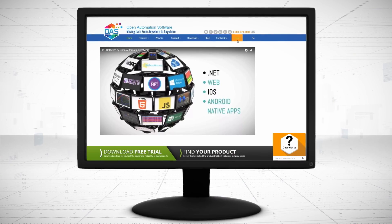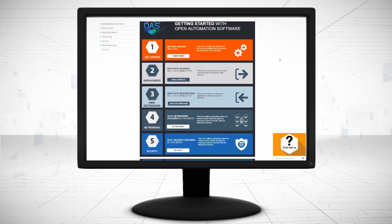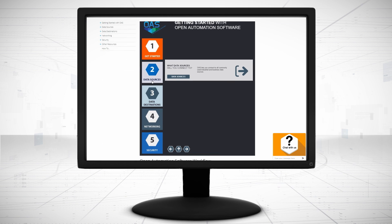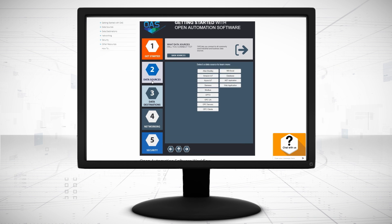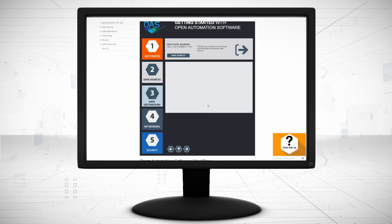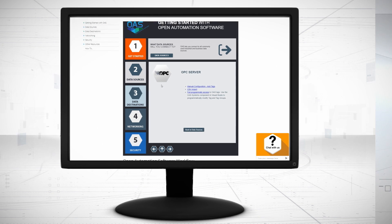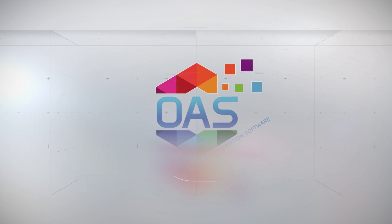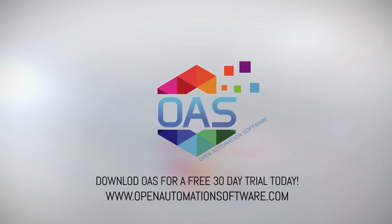Visit OpenAutomationSoftware.com to view our knowledge base for easy-to-follow steps to connect to classic OPC servers. Download OAS to start your free trial today. We'll see you in the next video.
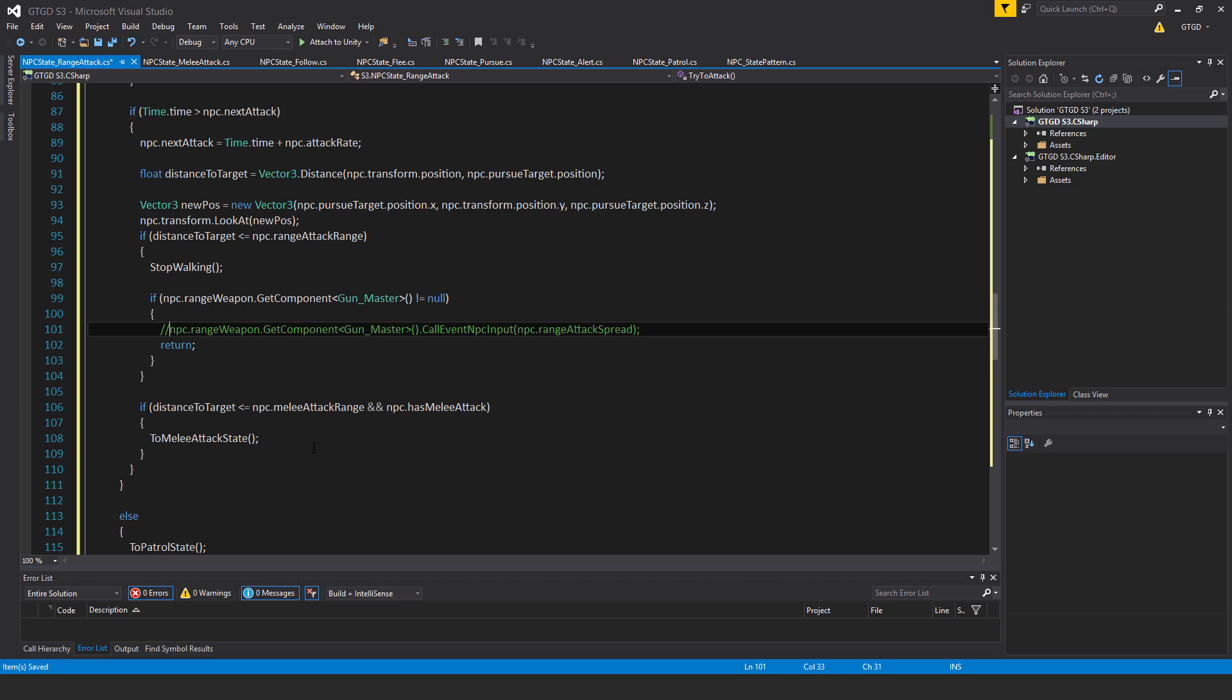So if your npc has both, is capable of doing ranged attacks and melee attacks, it makes sense for them to transition into the meleeAttackState, if their target is close enough.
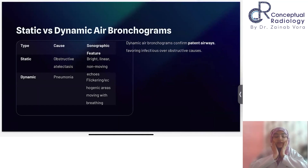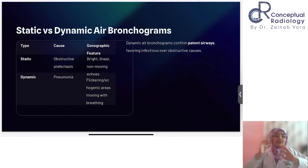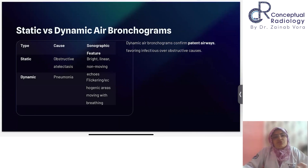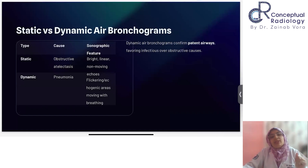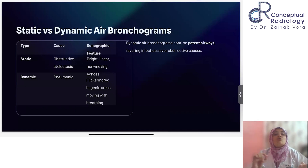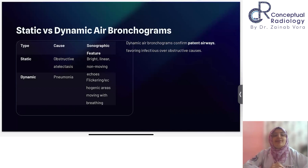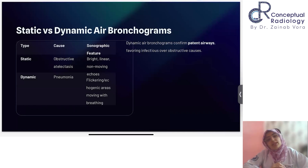Firstly, there is a concept of air bronchograms. This is easy to understand, especially when you have reported an HRCT. There is a patch of consolidation which appears white, and in between that, these are branching airways filled with air, appearing black in the background of that white patch of consolidation. It is really easy to visualize the concept of air bronchogram.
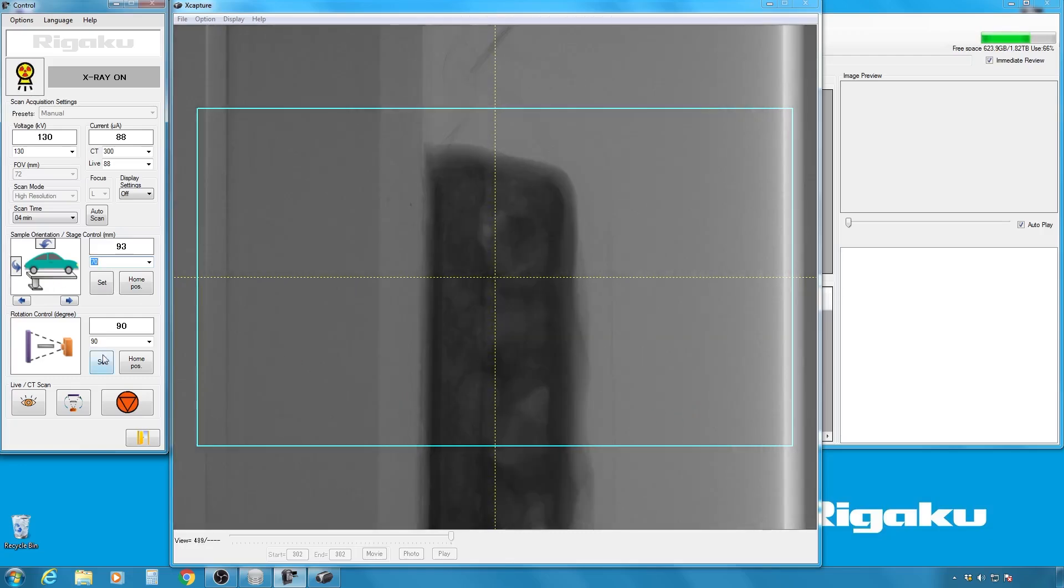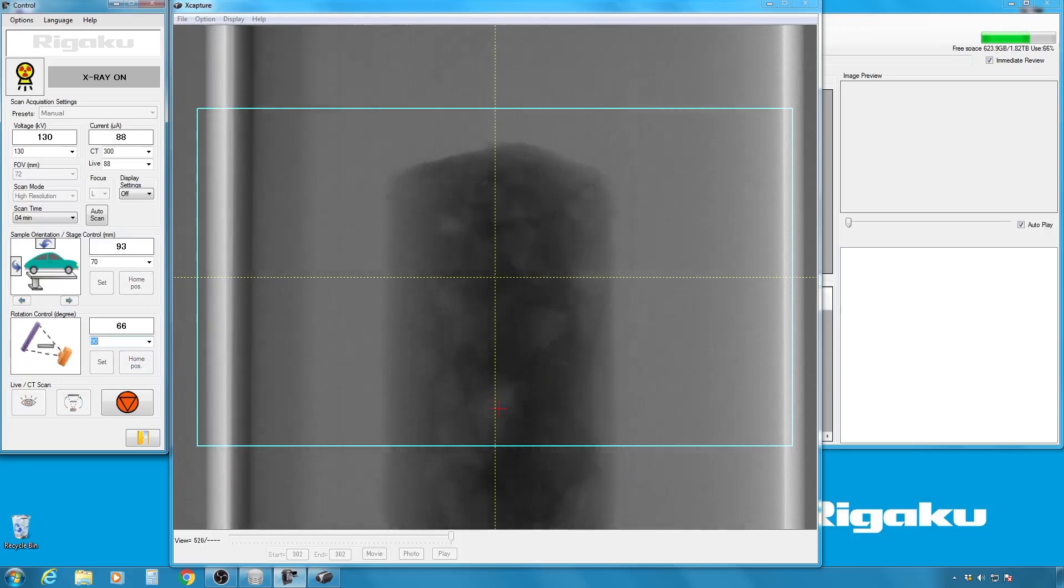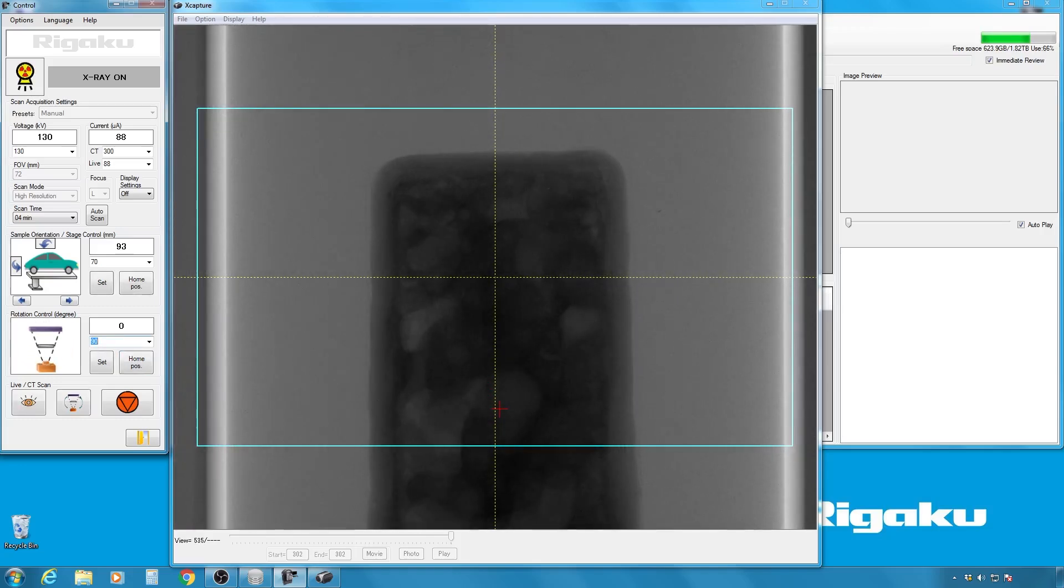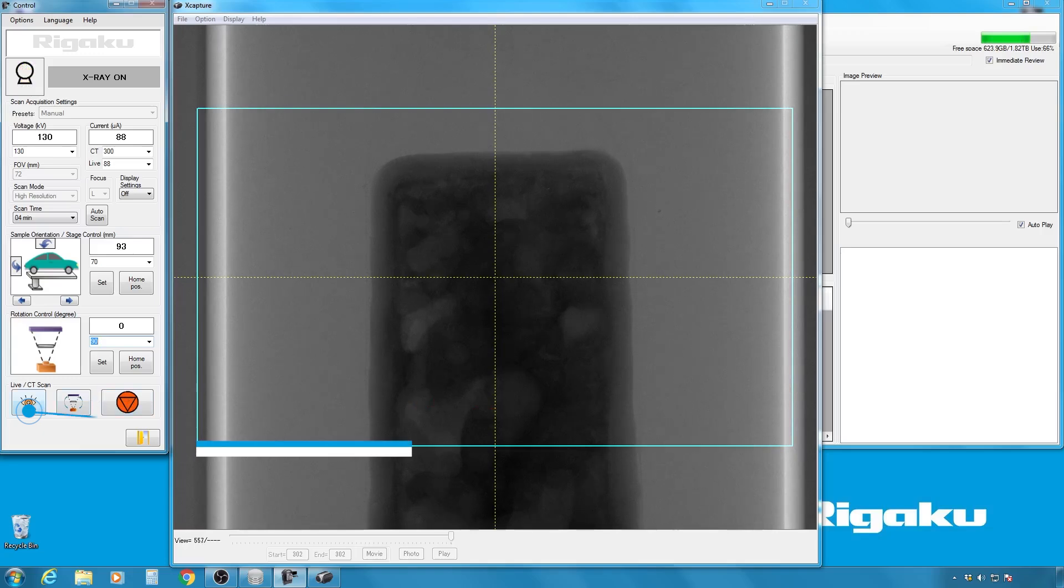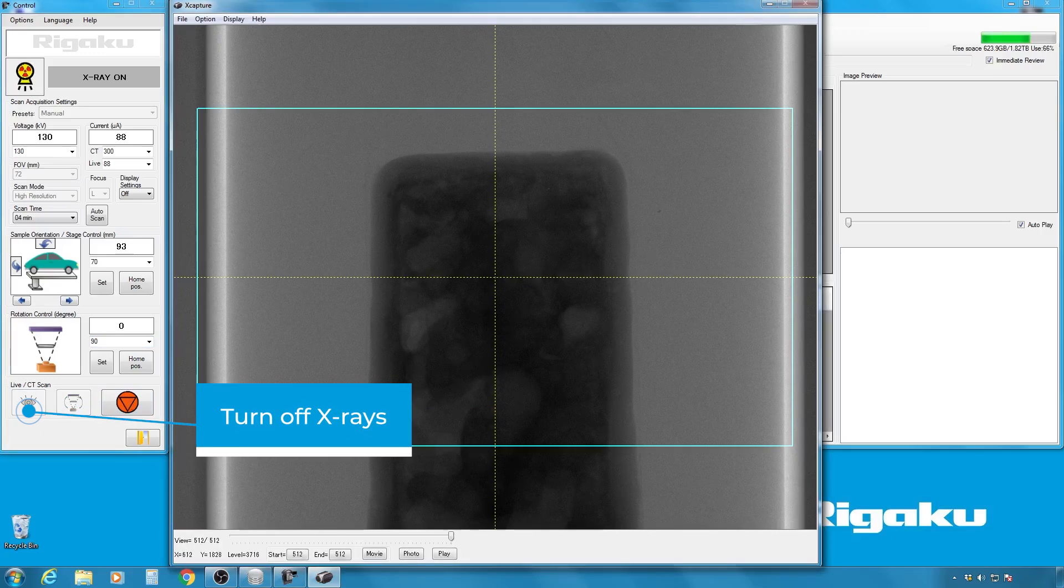And we're going to go back to zero degree. Okay, so now the sample is aligned, so I'm going to turn off the X-rays for now.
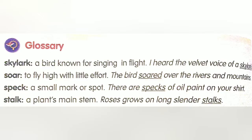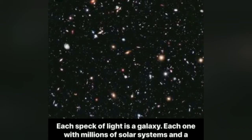Let's read the glossary before starting the poem. Skylark: a bird known for its velvet voice. Soar: to fly high with little effort. Example: the bird soared over the rivers and mountains. Speck: a small mark or spot. Example: there are specks of oil paint on your shirt; each speck of light is a galaxy.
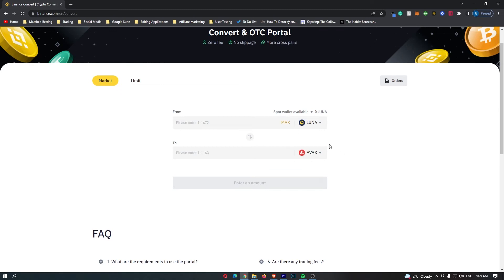If you have followed along, you should have Luna on this top bar, Avalanche on this bottom bar, and this means you are converting Luna into Avalanche.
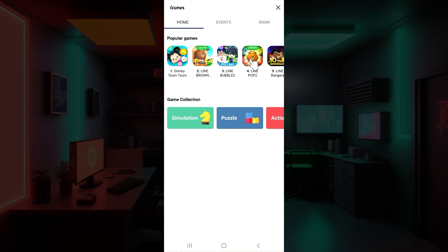That's how you start playing games in Line. Do note that once you have installed the games, simply log in or sign in using your Line account. Well guys, that is it. That's how you play games in Line.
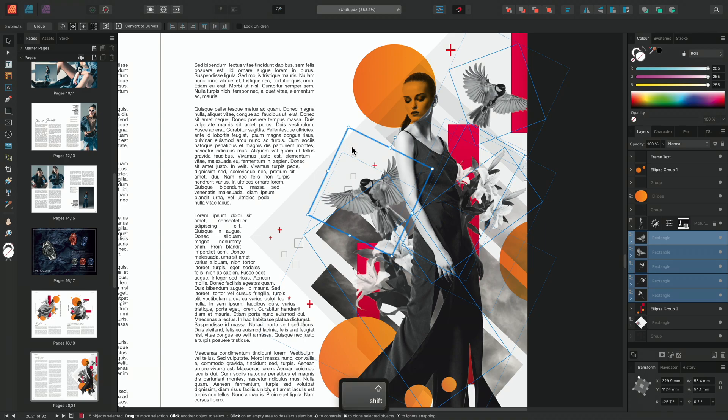And that's how to transform layers in Affinity Publisher. Thank you for watching.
• • • •
__Problem__.
Quote every entry exactly, with the pictures omitted.

__Output below__.
Visit OpenAutomationSoftware.com to view our knowledge base for easy-to-follow steps to connect to classic OPC servers. Download OAS to start your free trial today. We'll see you in the next video.
So if your npc has both, is capable of doing ranged attacks and melee attacks, it makes sense for them to transition into the meleeAttackState, if their target is close enough.
Firstly, there is a concept of air bronchograms. This is easy to understand, especially when you have reported an HRCT. There is a patch of consolidation which appears white, and in between that, these are branching airways filled with air, appearing black in the background of that white patch of consolidation. It is really easy to visualize the concept of air bronchogram.
And we're going to go back to zero degree. Okay, so now the sample is aligned, so I'm going to turn off the X-rays for now.
Let's read the glossary before starting the poem. Skylark: a bird known for its velvet voice. Soar: to fly high with little effort. Example: the bird soared over the rivers and mountains. Speck: a small mark or spot. Example: there are specks of oil paint on your shirt; each speck of light is a galaxy.
If you have followed along, you should have Luna on this top bar, Avalanche on this bottom bar, and this means you are converting Luna into Avalanche.
That's how you start playing games in Line. Do note that once you have installed the games, simply log in or sign in using your Line account. Well guys, that is it. That's how you play games in Line.
And that's how to transform layers in Affinity Publisher. Thank you for watching.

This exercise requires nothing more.